There is much suppressing of gag reflexes and crossing of legs to be done when reading this book. Hunter's first task in London was to procure bodies for the anatomy school, which was in a flat in Covent Garden and must have been disgusting for the neighbours.... Hunter experimented with cross-breeding, and, some 70 or so years before On the Origin of Species was published, stated that animals had not necessarily remained the same as they were at "the time of creation". He kept exotic animals – leopards, lions, giraffes – roaming around the grounds of his Earl's Court estate, and boiled up their bones in his basement vat. He picked open eggs at every stage of gestation, trying to pinpoint the first moments of life. He implanted a cock's testicle in the stomach of a hen, without it being rejected.... in a bid to prove gonorrhoea an early stage of syphilis he injected a penis (almost certainly his own, although he didn't say so) with pus from a gonorrhoea patient. Sure enough, syphilitic symptoms followed, and Hunter wrote an influential paper stating that the two diseases were one and the same. In truth, the patient was suffering from both. Hunter's experiment took place while he was engaged to be married - which might explain why the wedding did not go ahead for seven years.
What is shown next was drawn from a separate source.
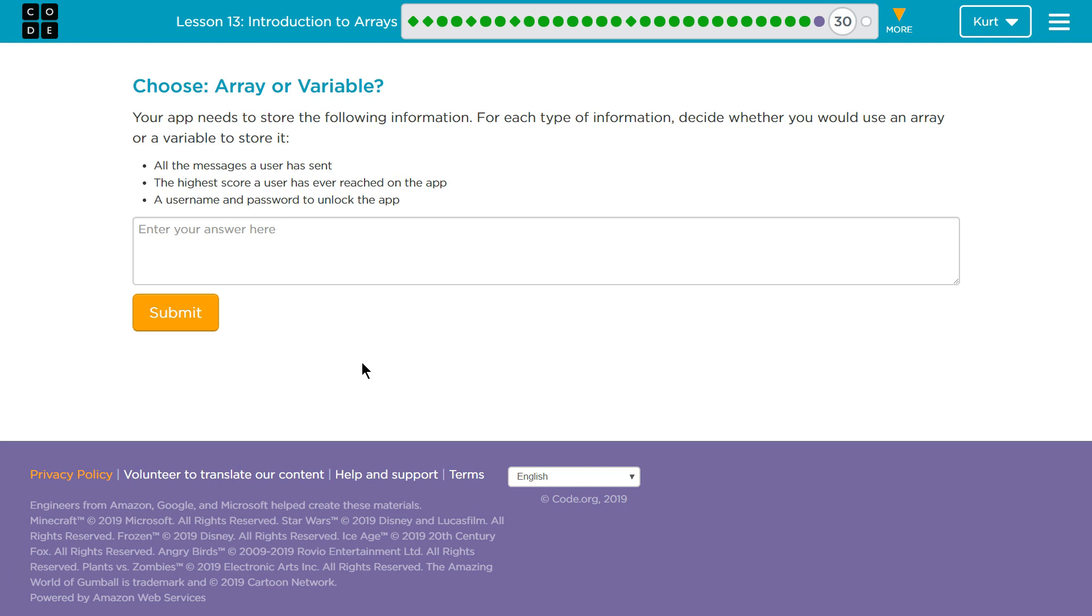All messages a user has sent. Array or Variable. Let's think about it. An array is really good at storing a bunch of stuff, a big old list of stuff.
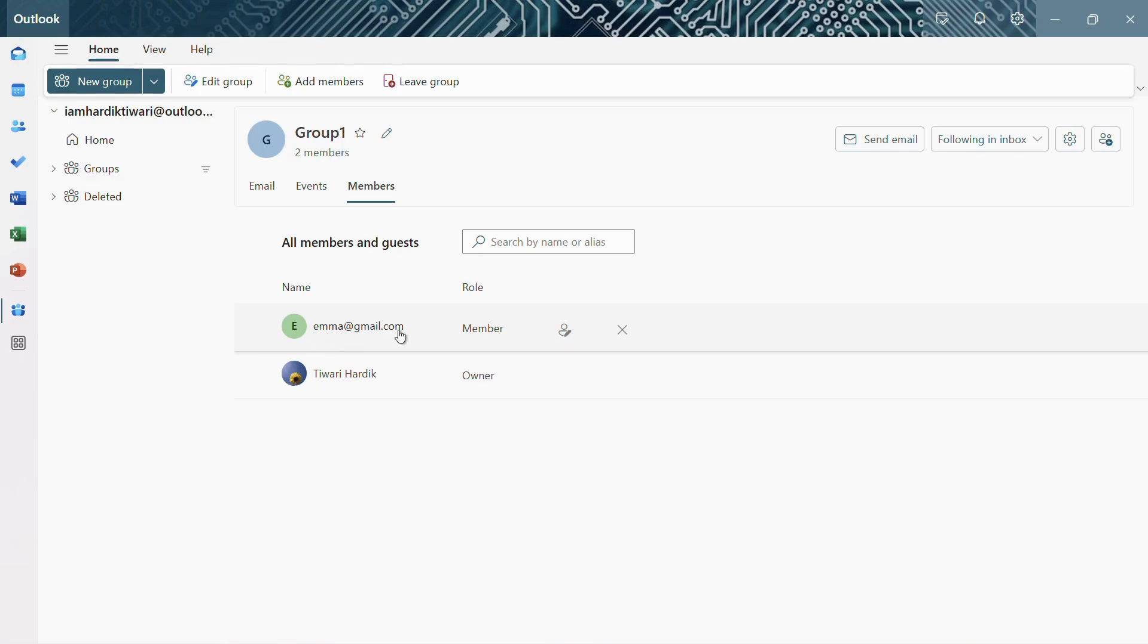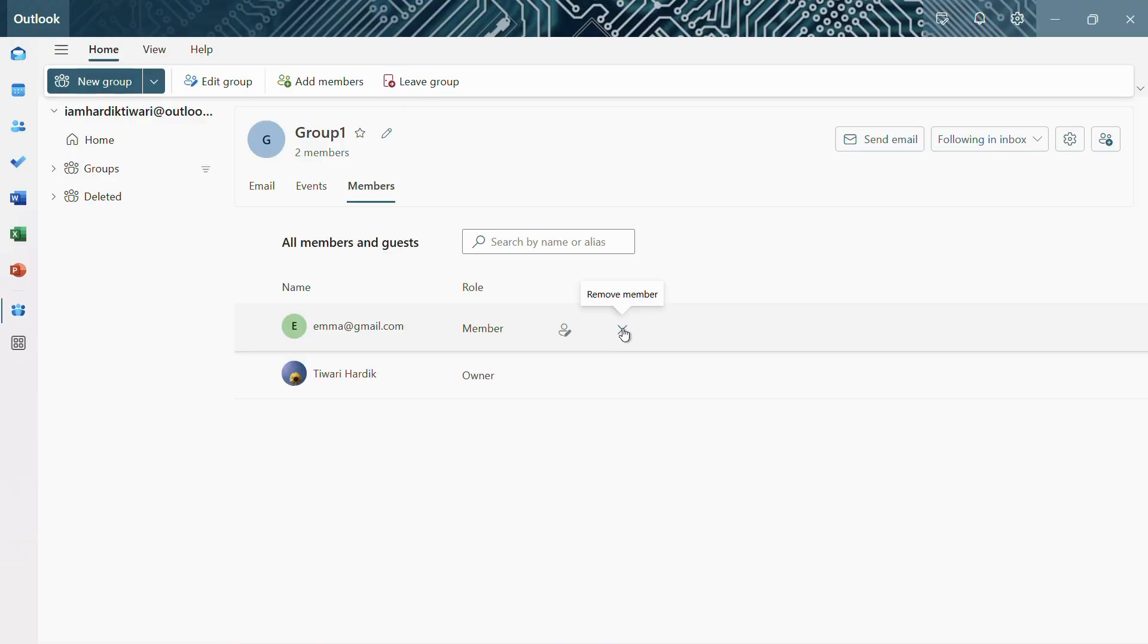So in order to remove any particular members, you need to hover your cursor over to their name and then you can see this crossmark icon. So simply click onto this crossmark icon in order to remove them from this group.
Moore's book isn't coming out in the US until September, but if you're already chomping at the mad-scientist bit then you can find it from British booksellers.

The lengths that Hunter went to to obtain freakish and odd skeletons was legendary, and included having an assistant unnervingly trail a giant around, the better to pounce the moment the fellow dropped dead. In a bit of medico-poetic justice, I recently came across a lengthy 1859 article by the Victorian eccentric Frank Buckland describing how he exhumed John Hunter's skeleton. Hunter had died spurned and reviled by colleagues, and in a fit of penance six decades later the Royal College of Surgeons and Buckland decided that perhaps they should inter their medical patriarch in Westmister Abbey. After over a week of shifting coffins about in Vault 3 of the crypt at St. Martin's in The Fields, Buckland found and opened Hunter's coffin. The sheer "effluvia" of the vault left Buckland ill for weeks afterwards.